My 15" goes from anywhere between 44-80 degrees celsius. Seems like ML has made my MBP slightly warmer, but I'm too use to this by now that I've stopped paying attention to the temperatures. Just redid the thermal compound and let it be.

For the last.... a lot of years that I've had Macs they've all ran extremely hot. My aluminum iMac, plastic white MacBook, first gen Macbook Pro a few MBPs in between. All have been really hot but none have ever failed me. Complained to Apple once and they responded by telling me that the MacBooks and MacBook Pros are not laptops, they are portables. -.-
 
In addition to monitor the temperature, you can also take a look at Activity Monitor (in your Utilities folder or found via Spotlight) and sort by CPU usage via clicking the CPU column header (thus the highest CPU usage is listed on top) and selecting "All Processes" from the SHOW dropdown menu.
As you probably use Celsius as temperature scale, 55° C is NOT hot, as the CPU can take temps up to 105° C.

Also know, that aluminium, a metal, dissipates heat better than a plastic shell, thus the entire casing acts as a heatsink and feels warmer.
If you want, you can take a look at thousand of similar threads found via using the Advanced Search feature of this site or any www search engine.
 
My 15" goes from anywhere between 44-80 degrees celsius. Seems like ML has made my MBP slightly warmer, but I'm too use to this by now that I've stopped paying attention to the temperatures. Just redid the thermal compound and let it be.

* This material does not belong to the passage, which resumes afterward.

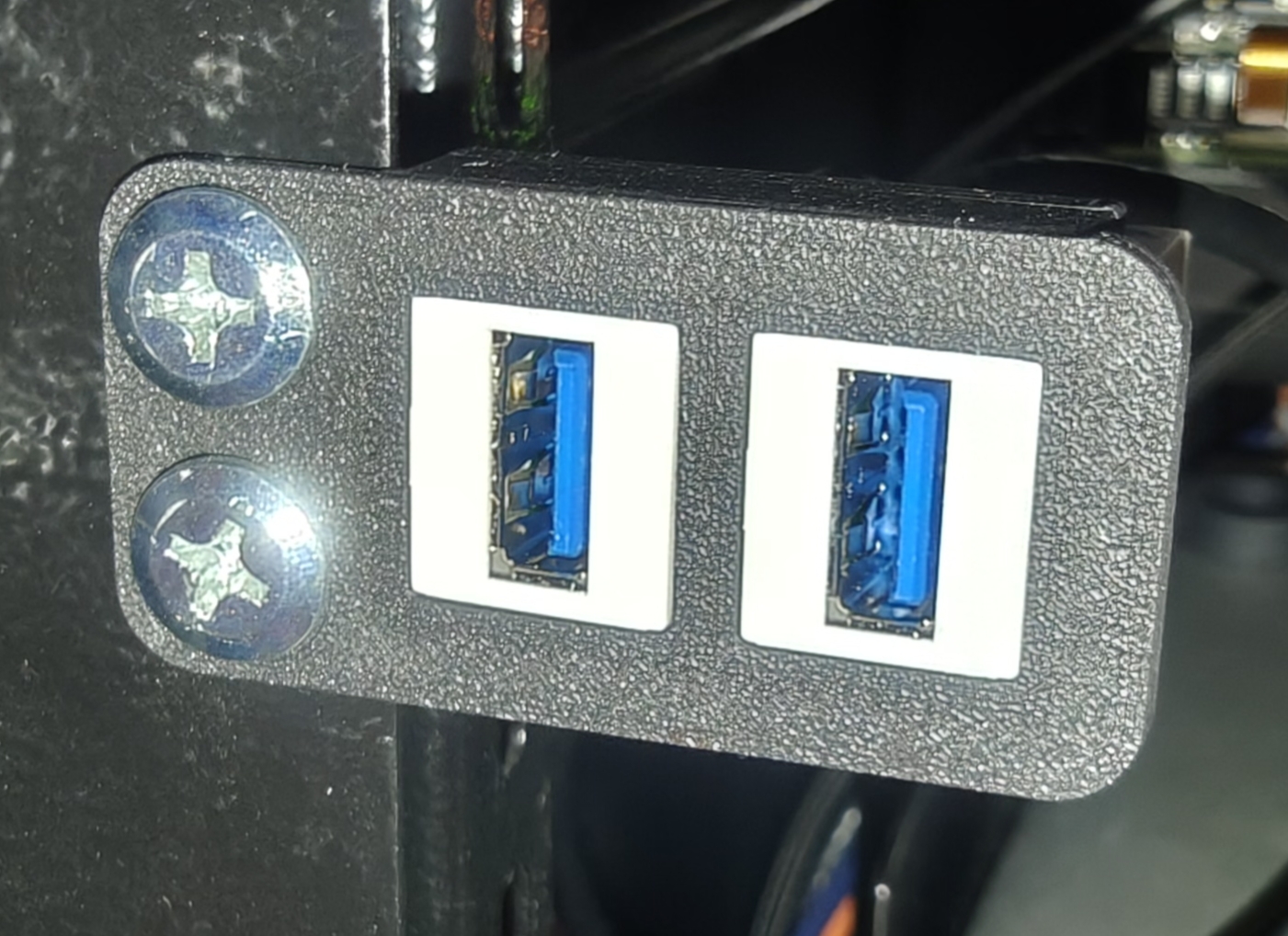 2 Keystones for rack (+2mm spacing)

For the last.... a lot of years that I've had Macs they've all ran extremely hot. My aluminum iMac, plastic white MacBook, first gen Macbook Pro a few MBPs in between. All have been really hot but none have ever failed me. Complained to Apple once and they responded by telling me that the MacBooks and MacBook Pros are not laptops, they are portables. -.-

Geez, thanks for replying! Feel better now, just scared because my old MB white would get so hot that i would get a kernel panic every 20 mins and would have to turn off. But thats because of me not treating well the hardrive by forcing every shutdown i would do. Anyway just going to switch to Mountain Lion. :)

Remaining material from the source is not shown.